おそらくルーク様の御世には、この二人が総ての青の民を、魔術師を率いてゆくこととなりましょう。

……ああ、話がそれてしまいましたね。

さ、フィリアさん」



フィリアは差し出された玉を、緊張の面持ちで受け取る。



「フィリア、そんなに緊張しなくても大丈夫だよ」


「そうそう。
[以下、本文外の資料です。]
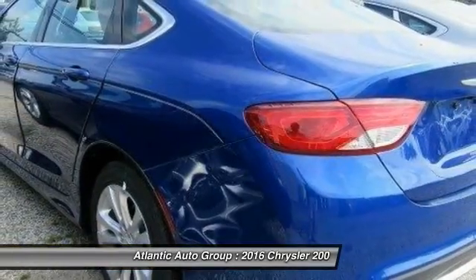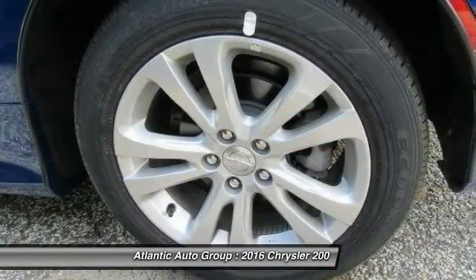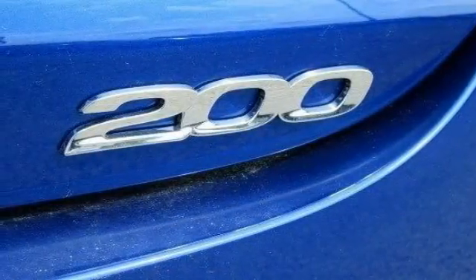Outside temperature gauge, perimeter alarm, engine immobilizer, color door handles. If affordable style and reliability are what you're looking for, this vehicle couldn't be more perfect. Drive it today.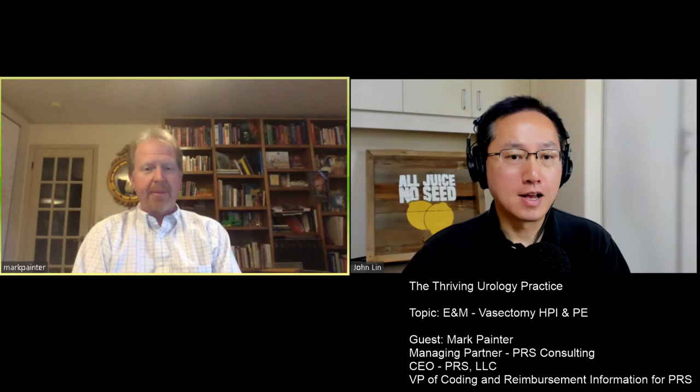That is beautiful. I have on the screen history of present illness elements for undesired fertility. Undesired fertility will be the problem, and the chief complaint in the patient's words will be: 'I don't want to have any kids' or 'I'm done having children.' For location, obviously it's the scrotum. For timing — when was the last child. Duration — how many months or years has he contemplated a vasectomy. Context — during sexual activity, or whether the patient has had a prior vasectomy making this a redo. Modifying factors — type of contraception used. Associated signs and symptoms such as fevers, chills, erectile dysfunction, penile pain, etc. Those are elements people can ask in HPI to easily satisfy four elements to reach a level five.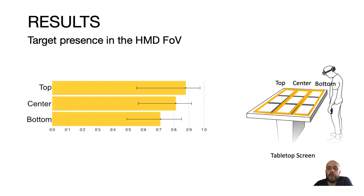To further explore the use of peripheral vision, we computed the number of times the target was actually in the HMD field of view when using the tabletop screen. Looking at the three rows of targets on the tabletop — top, center, and bottom — participants tended to acquire bottom targets more often while outside the field of view, indicating they were looking at the targets under the HMD, beneath the head-mounted display.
簡単だよー」



双子に左右から励まされ、少し緊張も解けた。

両手で玉を包み、目を閉じて集中する。

手の中で玉が熱くなった気がした。

そして、心なしか左胸の紋様も。


そっと目を開き、玉を見る。



「……これは」


「すごい!!」


「あー、負けちゃったか」



玉は緑に染まっていた。

強く輝き、光を放っている。



「かなりの魔力ですね。

想像以上です」


「くやしいなー」


「僕らまだ青の民の誰にも負けたことなかったのにねー」



フィリアはまだ呆然としている。

服の左胸のあたりを、ギュッと握りしめて。


その様子を、ヘルミナは注意深く見つめていた。











フィリアはため息をついた。

今夜、ルークの夢見を手助けするということで、魔力を流す側は一晩中、ルークの目が覚めるまで起きていなければならない。

そのため、今から仮眠をとっておくといいとヘルミナ達に勧められ、ベッドに横になったのだが。



「全然、眠れない」



元々旅の最中は規則正しく寝起きしていたため(勿論野宿の時には夜に火の番などもしていたが、それは一晩中ではなかった)こんな中途半端な時間には寝付けない。

これは無理ね、と心で呟いて、フィリアはそっと起き上がった。


部屋の壁に掛けられている鏡の前に立つと、胸元を肌蹴させる。



蔦の紋様は、明らかに以前より大きくなっていた。



―――一体、これは何なのだろう。



この紋様のことは、ルーク達にも言っていない。

何故だか誰にも黙っていなければ、と思うのだ。

他の誰でもない、フィリア自身が。


けれど。



――これが、もっともっと大きくなった時。



今まで信じてきた何もかもが、逆さになって。

そうして―――


フルリ、と頭を振る。



もう、何も考えない方がいい。

フィリアはそっと、鏡から目をそらした。